New Zealand is an archipelago with more than 700 offshore islands. Most are small and lie within 50 km of the main islands. These islands are the visible surface of an extensive submarine plateau, and enable the country to enjoy a huge exclusive economic zone (fishing grounds).
The Chatham Islands are 800 km east of the South Island; the Kermadec Islands (which host a Department of Conservation field station) lie about 1,000 km north-east of Auckland. The uninhabited Bounty, Snares, Antipodes, Auckland and Campbell subantarctic islands lie south of the mainland.
The North Island is mainly rolling hill country, much of which is farmed.
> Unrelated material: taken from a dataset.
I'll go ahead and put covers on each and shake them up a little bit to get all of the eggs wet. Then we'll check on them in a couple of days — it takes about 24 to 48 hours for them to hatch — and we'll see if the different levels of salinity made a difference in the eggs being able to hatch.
A series of narrow ranges (Tararua, Ruahine and Kaimanawa) form a roughly north-east/south-west belt of higher country that rises up to 1,700 m. Much of the surviving forest cover is found here and in other mountainous areas. In the central North Island, volcanoes that have been active over the past million years jut up several thousand metres near Lake Taupō. This is the country’s largest lake, formed by water filling a volcanic crater. Nearby, Rotorua’s mud pools boil and geysers erupt.
While the North and South islands are separated by only 20 km of water, they have quite different landscapes. Mountaineer T. H. Scott found this when he moved south. In 1950 he wrote:
‘I felt immediately and overwhelmingly that I had come to a quite different country …. Here then was a vast kind of land, whatever its size on the map, giving a sense of great distance where herds of grazing animals might roam, where grain plants might grow and a people wander. This had always been for me the meaning of continents.’ 1
The South Island is divided by the Southern Alps, which traverse most of its length and rise over 3,000 m. To the west of the alps lie rainforests. To the east are the farmlands of the Canterbury Plains, formed by rivers flowing from the mountains. In the south, a series of large lakes formed in depressions that were scoured out by huge glaciers.
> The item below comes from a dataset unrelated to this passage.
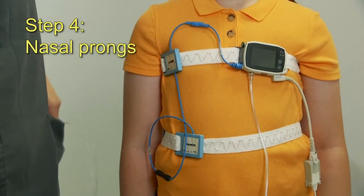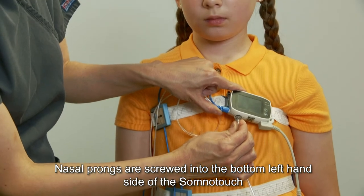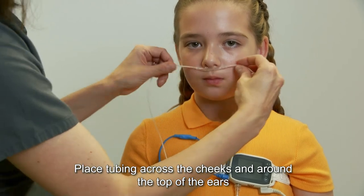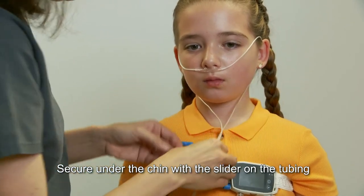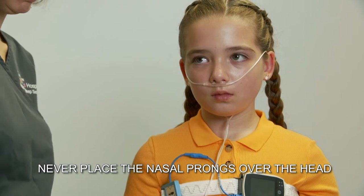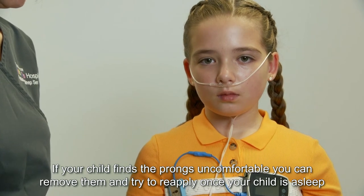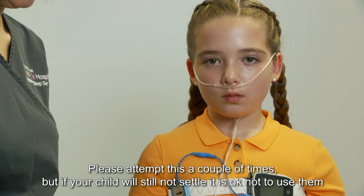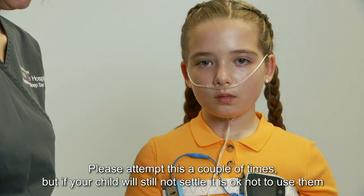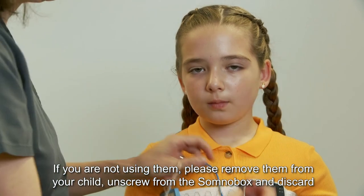Step four: nasal prongs. Nasal prongs are screwed into the bottom left hand side of the SomnoTouch. Position the prongs at the base of the nostril. Place tubing across the cheeks, around the top of the ears, and secure under the chin with a slider on the tubing. Never place the prongs over the head. If your child finds the prongs are uncomfortable, you can remove them and try to reapply once your child is asleep. Please attempt this a couple of times, but if your child will still not settle, it is okay not to use them. If you are not using them, please remove them from your child, unscrew from the SomnoTouch box, and discard.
Stewart Island is mainly low rolling hills. Unlike the two main islands, it remains almost entirely covered in native vegetation.
New Zealand is a sliver of the supercontinent Gondwana. The islands are only the visible part of a much larger submerged subcontinent that separated from Australia, on the eastern margin of Gondwana, around 85 million years ago.
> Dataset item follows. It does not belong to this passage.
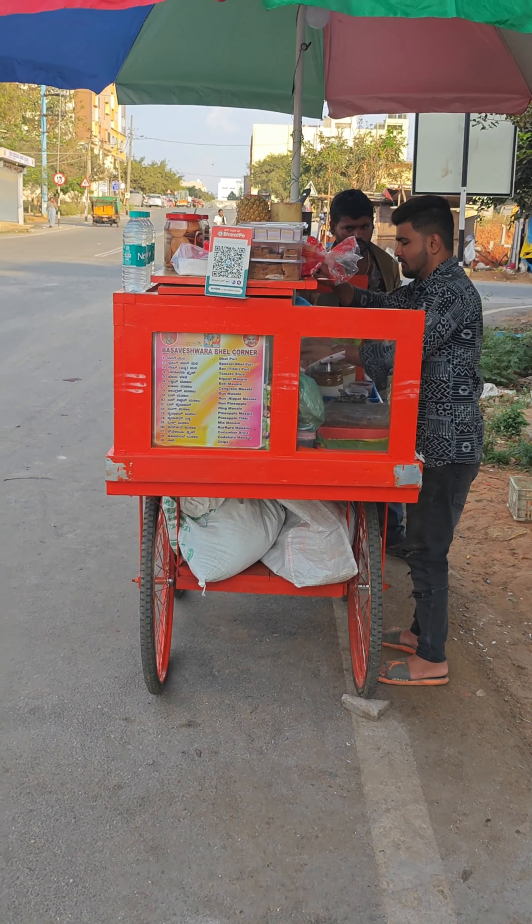Now I am going to try the cucumber chaat and show the making to end this video. Let's enjoy the making of cucumber chaat.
Since the Cambrian geological period (over 500 million years ago), sea levels and the land have risen and fallen many times. Periods of mountain building have been followed by epochs when mountains eroded away. Huge volcanoes erupted and massive earthquakes and landslides ravaged the earth. Great glaciers have overlain much of the land, melted away and then returned as the climate has repeatedly cooled and warmed over time spans hard to comprehend.
When the climate warmed about 13,000 years ago, the glaciers retreated. In the Monowai Valley in Southland, a glacier that had been propping up the side of a valley melted. A nine-km stretch of mountain range collapsed, generating a massive landslide. Over time large landslide ponds, including Fiordland’s Green Lake, formed in hollows in the rumpled terrain of this landslide. When the next big earthquake occurs on the Alpine Fault in the Southern Alps there will be many catastrophic landslides, cutting road links. It is unlikely they will be as big as the Green Lake landslide, although geologists tell us that you never know.
After drifting to its current position over millions of years, New Zealand now sits on the boundary of the Indo-Australian and Pacific tectonic plates. Much of the history of mountain building, earthquakes and volcanic activity is due to its location on the Pacific ‘Ring of Fire’. The Southern Alps are the result of two massive plates meeting and sliding past each other along the Alpine Fault.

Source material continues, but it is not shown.